Project Background
The purpose of this project was to take NFL game data from the now deprecated NFL API extract the details, conduct required data transformations and store the data in AWS Redshift. I was going to use this project to enable me to further analyze NFL game data; however, the NFL has since restricted access to this dataset. As such it is impossible to replicate this project.
The end goal of this project is to have a database where it is possible to conduct complex aggregate based queries against NFL data. To do this I used game data available from the NFL API, but as I stated earlier this API is no longer available to unregistered users.

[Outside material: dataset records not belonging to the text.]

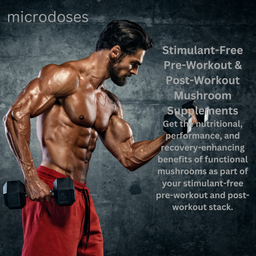 Cordyceps Capsules 60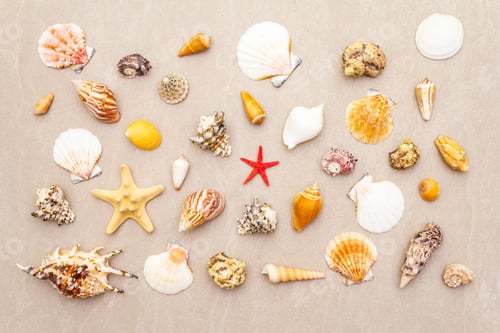 Preview: Seashells Summer Background. Lots Of Different Seashells Piled Together, Top View
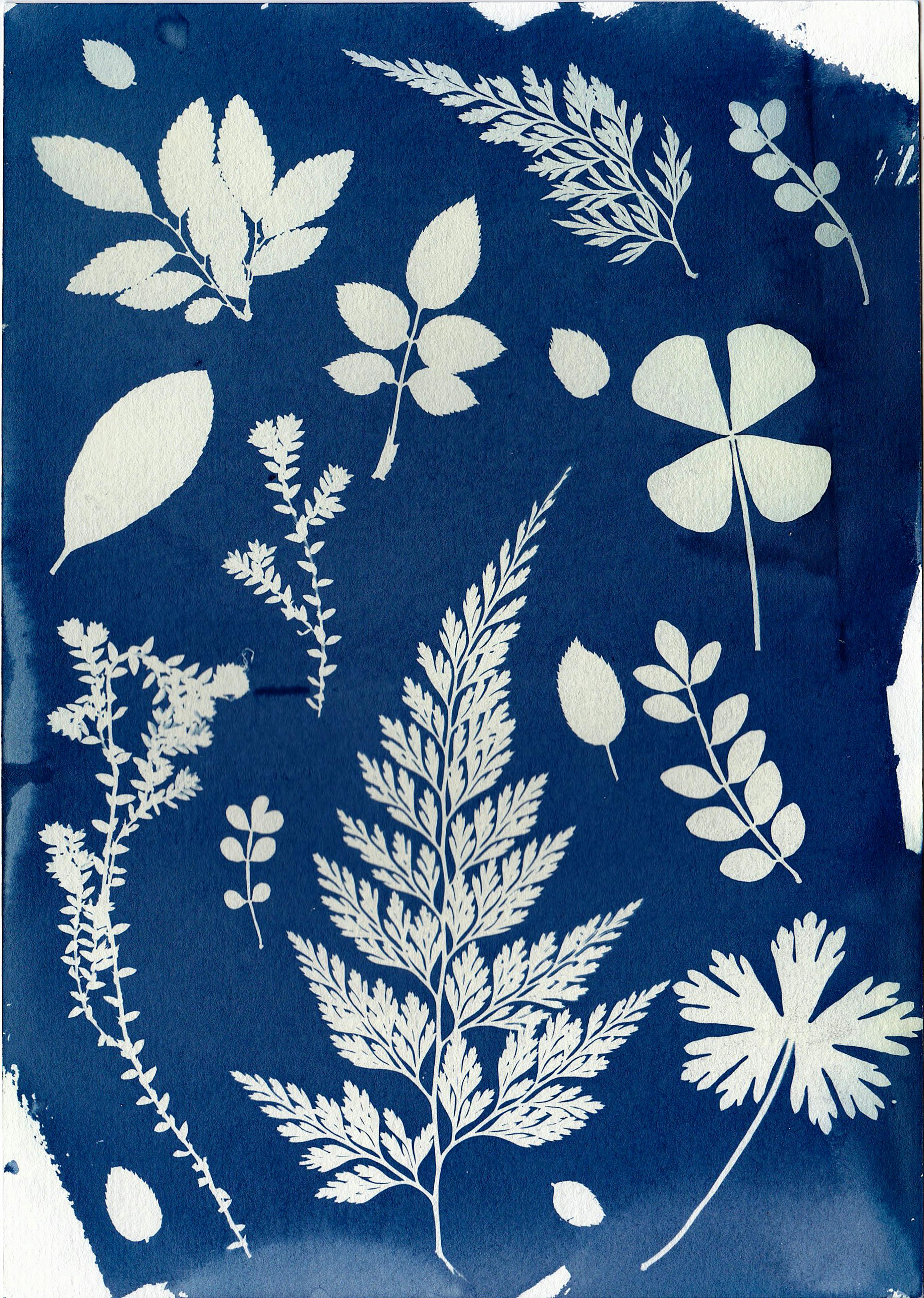 Ateliers cyanotype botanique au muse !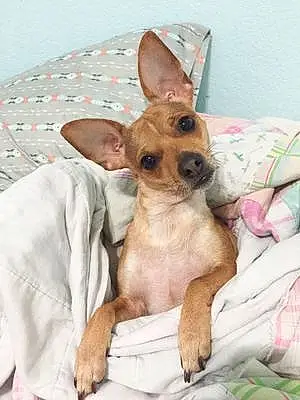 Name Chihuahua Dog Ahri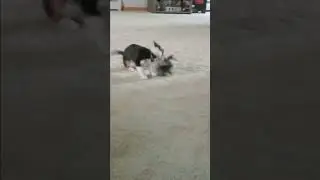 Alfredo the Puppy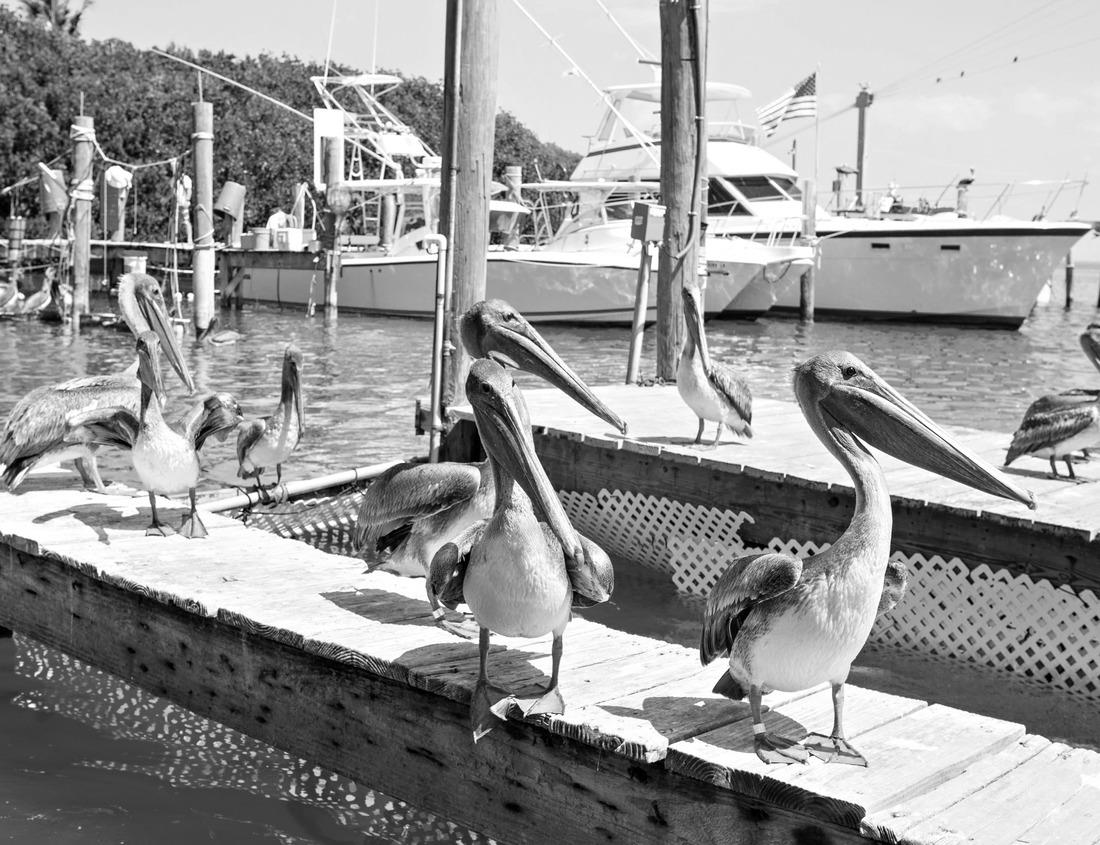 Noah Jigsaw Puzzle Iolani Palace in Honolulu, Hawaii, USA in black white 1000 pieces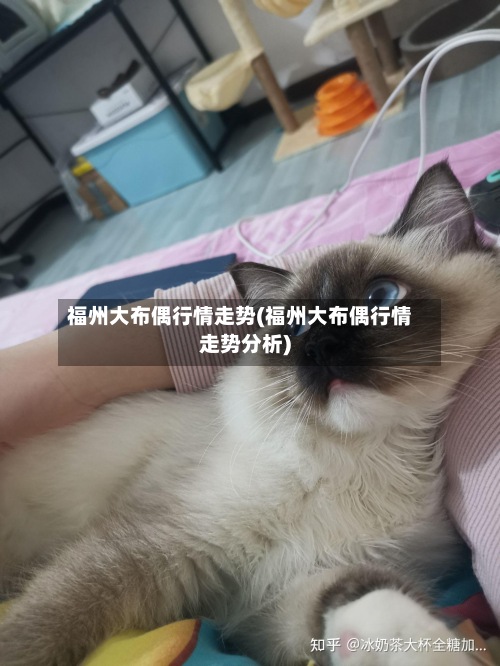福州大布偶行情走势(福州大布偶行情走势分析)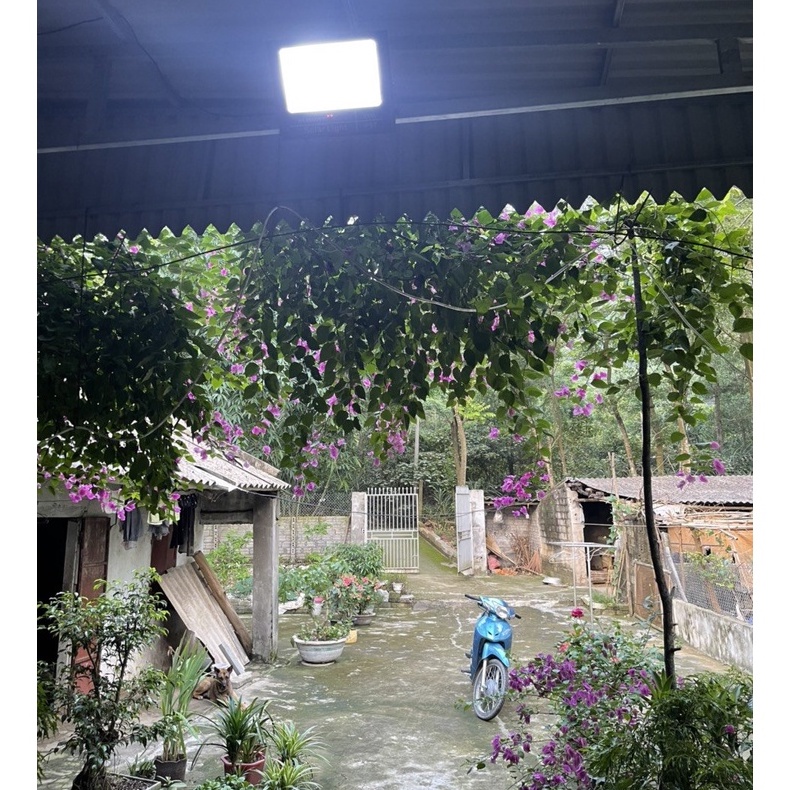 Đèn pha năng lượng mặt trời sân vườn công suất 300W, Đèn chiếu sáng khuôn viên ngoài trời Bảo Hành 2 năm
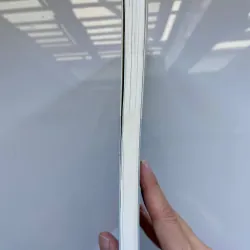 Cá Hồi - Travel Blogger Tâm Bùi, đã qua sử dụng 736800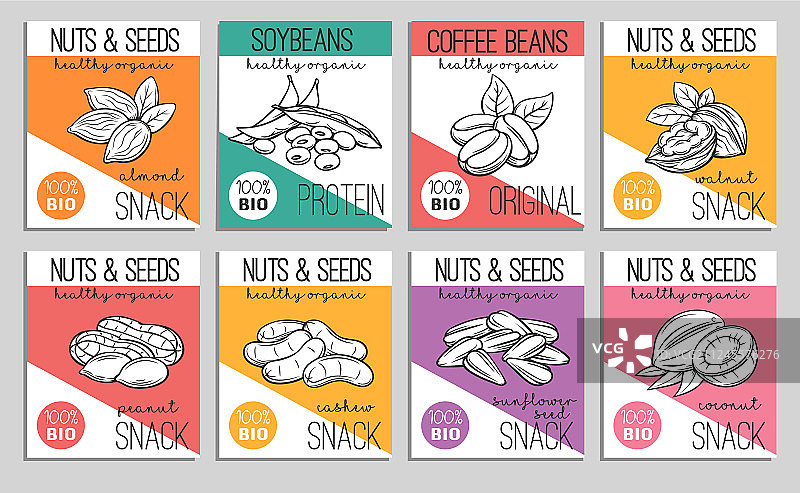 坚果和种子图片素材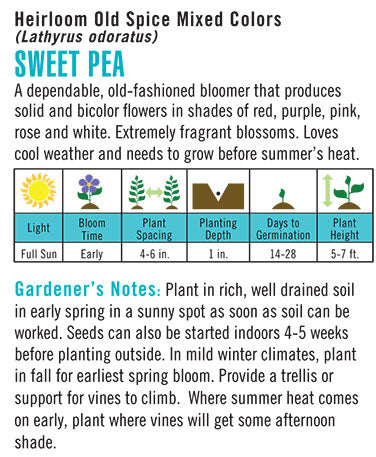 Sweet Pea 'Old Spice Mixed Colors'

This project used several technologies:
- Apache Airflow for the workflow management
- AWS Lambda to fetch data, extract and transform data
- AWS s3 for JSON storage
- AWS Redshift used as the analytical database
- Python was used as the primary programming language
The GitHub for this project is located here: NFL-Data-Pipeline
Project Datasets
The NFL datasets used in this picture come from the NFL Teams, Schedule, Coaches, Players, and Games come from the NFL endpoint.
Teams: The team data by year use to be found at https://www.nfl.com/feeds-rs/teams/
- Season: Season of the record
- Team ID: A unique ID for each team in the NFL.
- Team Abbreviation: Commonly used team abbreviation for example the Denver Broncos is "DEN".
- City/State: How the team is identified by location for example the Denver Broncos is "Denver".
- Full Name: The full name of the team.
- Nickname: Commonly nickname for the team.
- Team Type: Used to annotate if the team is a regular season team or the "Pro Bowl Team"
- Conference Abbreviation, ID, and Full Name
- Division Abbreviation, ID, and Full Name
- Year Founded
- Stadium name
- Ticket Phone Number
- Team URL
- Team Ticket URL
Schedule: The full schedule for the entire year was posted at https://www.nfl.com/feeds-rs/schedules/
- Season:
- Season Type: This annotates if the is a preseason, regular season or post season game.
- Week:
- Game ID: A unique ID used for each game.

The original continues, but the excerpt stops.